O relógio continuava com aquele seu tique-taque irritante e incansável, sem nunca parar. Ora, mesmo depois dela desejar tantas vezes que ele quebrasse e simplesmente emudecesse. Era um grande atrevido aquele relógio, isso sim, queria era ser maior que todos os outros sons, mas coitado, era tão baixinho que pra recompensar não parava nunca.

Continuava sempre. Tique. Taque. Tique. Taque. Tique. Taque.
Tique.

E foi entre um desses barulhinhos infernais que ela o viu. Ali, parado a sua frente apenas esperando ser notado. Esperando que sua criadora enfim voltasse sua atenção para ele, que esquecesse o maldito relógio e olhasse logo para ele. E ela finalmente olhou.

– Ah, até que enfim eu mereço um pouco de sua ilustre atenção, Flávia. – foram suas primeiras palavras, ou pelo menos as primeiras que ela percebeu.

Em resposta houve apenas um olhar confuso, como que pensando: Ora, quem é essa tal de Flávia que ele se refere? E só, nenhuma palavra, ela apenas desviou o olhar novamente para o relógio.

– Não me venha com mais uma sessão de relógio, por favor. É com você mesmo que estou falando. – agora seu tom transparecia alguns sinais de nervosismo.
– Como pode estar falando comigo quando chama por um nome que não me pertence? – ela enfim falou.
– Ah, sim. Como pude me esquecer? É Alice, não é?
– Exato. – sua pequena afirmação estava carregada por um tom um tanto quanto alucinado. – E você é?
– Ora, ora. Minha cara, se você fosse mesmo Alice saberia muito bem quem sou. Sou o Valete de Copas, mas você pode me chamar de Jack.
– Jack. – ela pronunciou aquela palavra como se fosse a mais poderosa entre todas que existiam no dicionário, seus olhos castanhos por um momento vagando pelo quarto como que em busca de uma lembrança perdida entre um Tique e outro Taque.

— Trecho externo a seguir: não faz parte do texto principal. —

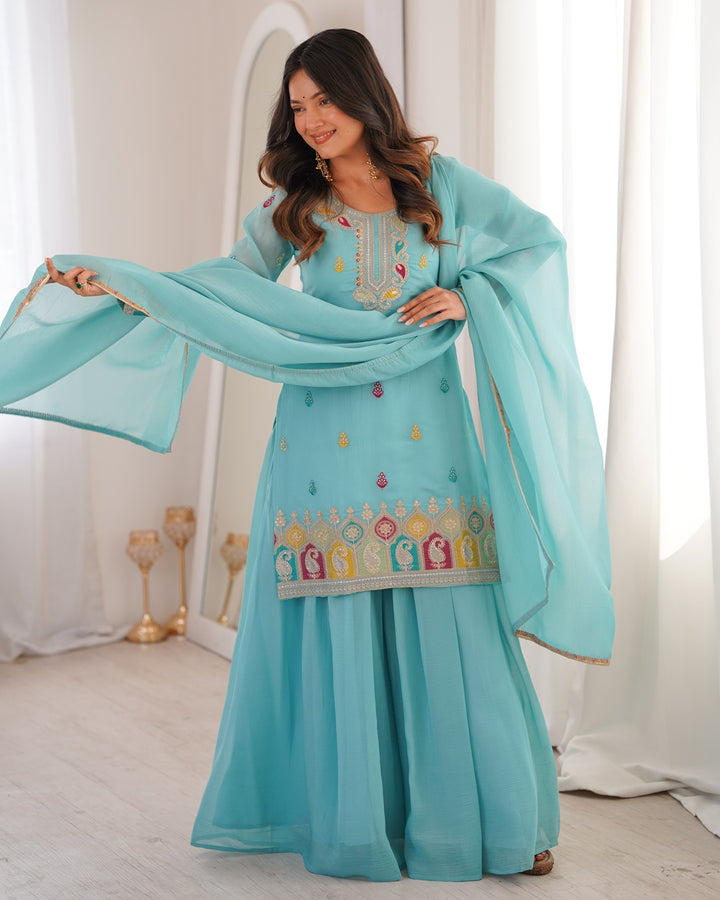 Sky Blue Color Crunchy Silk Embroidered Palazzo Suit | Designer Festive & Party Wear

O Valete apenas esperou, deu o tempo que ela precisava para que lembrasse, ou ao menos o tempo que ele considerava o necessário. Flávia continuava admirando o quarto com seu olhar perdido, tentando enxergar algo além daquelas paredes brancas e sem graça.

Tique.

Ela piscou uma vez como se de repente algo fizesse sentido dentro de sua mente.

– Jack. – agora sua voz foi carregada de amor.
– Não querida, infelizmente, não esse Jack. O Jack que você amou não existe mais, ele é o motivo de você estar aqui. Tente se lembrar, esse é o motivo de eu estar aqui.
– Jack. – na terceira vez a palavra saiu acompanhada de uma lágrima.

Ele aproximou-se dela, sentou no canto da cama e passou os dedos delicadamente pelo rosto de Alice, enxugando sua lágrima.

– Alice, não chore. Que tal um pedaço de torta? Será que te fará mais feliz?
– Não, obrigada. – ela sorriu pelo gesto de carinho.
– Você se lembra dele? Preciso que se lembre, assim finalmente poderei libertar você e também todos do meu reino, os quais estão presos aqui junto comigo.

O Valete continuava com sua mão no rosto da garota, vendo que ela hesitava em responder, aproximou-se de seu rosto lentamente.
Flávia sentiu sua respiração calma e o olhar perdido voltou-se para aquele rosto, parou um instante na cicatriz desenhada em torno de seus olhos cada vez mais próximos. Tempo necessário para que sentisse seus lábios se encontrando.
Ela fechou os olhos e aproveitou a firmeza daquele beijo repentino. Sua pele era fria, tanto os lábios como a mão que segurava seu rosto.

– Acorde, querida Alice. – ele falou ainda muito próximo dela, fazendo com que ela respirasse seu hálito doce.

E então ela se lembrou realmente de seu Jack, aquele que havia amado e que não estava mais com ela. Lembrou-se de ter sido levada para aquele quarto branco, para perder-se completamente.
Abriu os olhos, finalmente desperta, mas ele já não estava lá. O Valete havia se despedido com aquele toque de lábios, e havia também trazido-a de volta.

– É Flávia, não Alice. – ela respondeu para a lembrança dele que ainda vivia entre as paredes brancas, acreditando que suas palavras pudessem encontrá-lo como um gesto de despedida e de agradecimento.